Once you find the line with "68 Hello Kitty" in the data that follows, repeat it and every line after it exactly, through the line with "Glow in love".

=== ENTRIES PROVIDED ===

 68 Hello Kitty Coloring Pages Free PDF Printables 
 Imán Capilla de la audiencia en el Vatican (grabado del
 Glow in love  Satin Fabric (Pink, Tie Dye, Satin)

===
=== ENTRIES PROVIDED ===

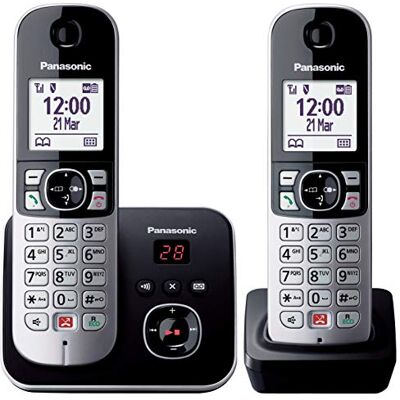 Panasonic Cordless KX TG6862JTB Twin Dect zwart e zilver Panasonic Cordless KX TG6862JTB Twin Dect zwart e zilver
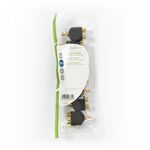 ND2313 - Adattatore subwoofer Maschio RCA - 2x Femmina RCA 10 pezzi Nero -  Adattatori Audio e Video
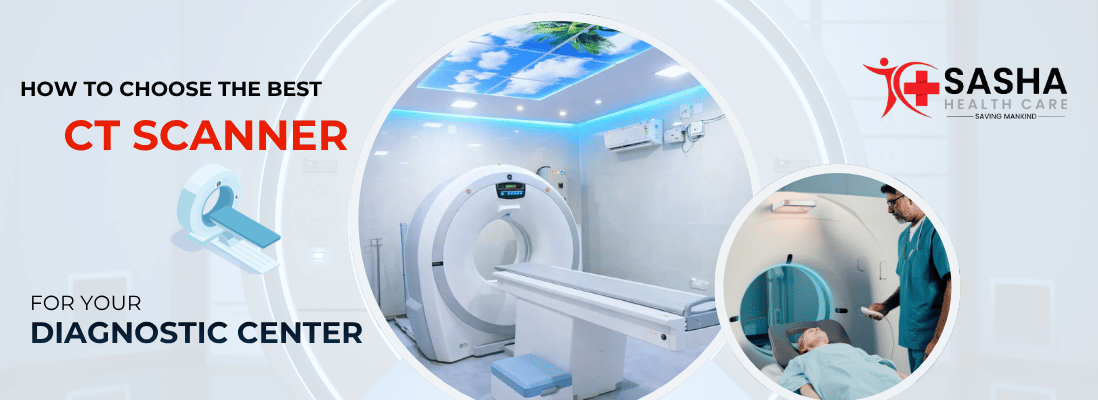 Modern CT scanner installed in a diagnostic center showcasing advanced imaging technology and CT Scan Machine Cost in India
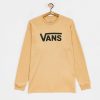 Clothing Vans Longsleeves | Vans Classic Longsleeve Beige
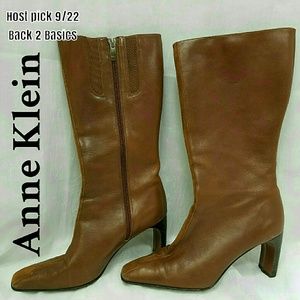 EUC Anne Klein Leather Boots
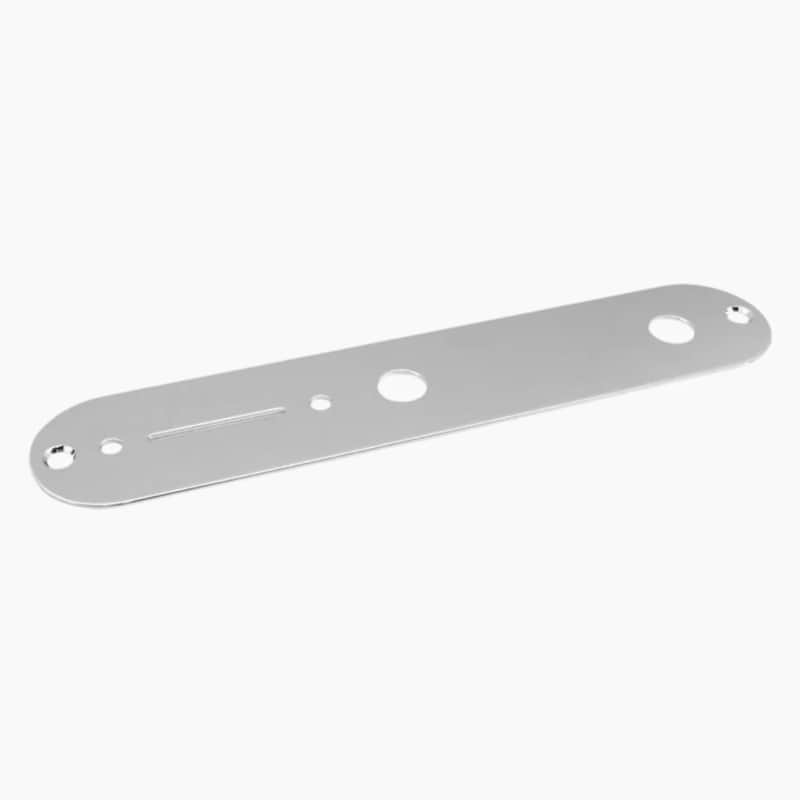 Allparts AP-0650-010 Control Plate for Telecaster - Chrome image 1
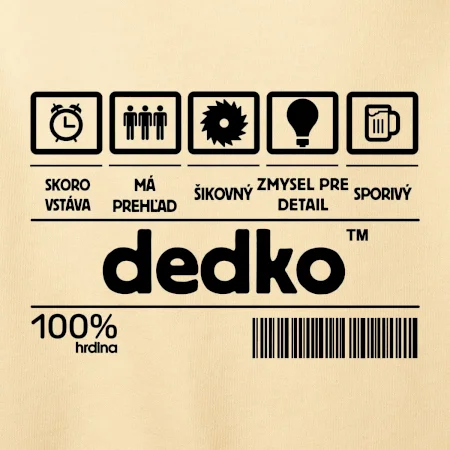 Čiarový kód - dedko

===

REPLY
 68 Hello Kitty Coloring Pages Free PDF Printables 
 Imán Capilla de la audiencia en el Vatican (grabado del
 Glow in love  Satin Fabric (Pink, Tie Dye, Satin)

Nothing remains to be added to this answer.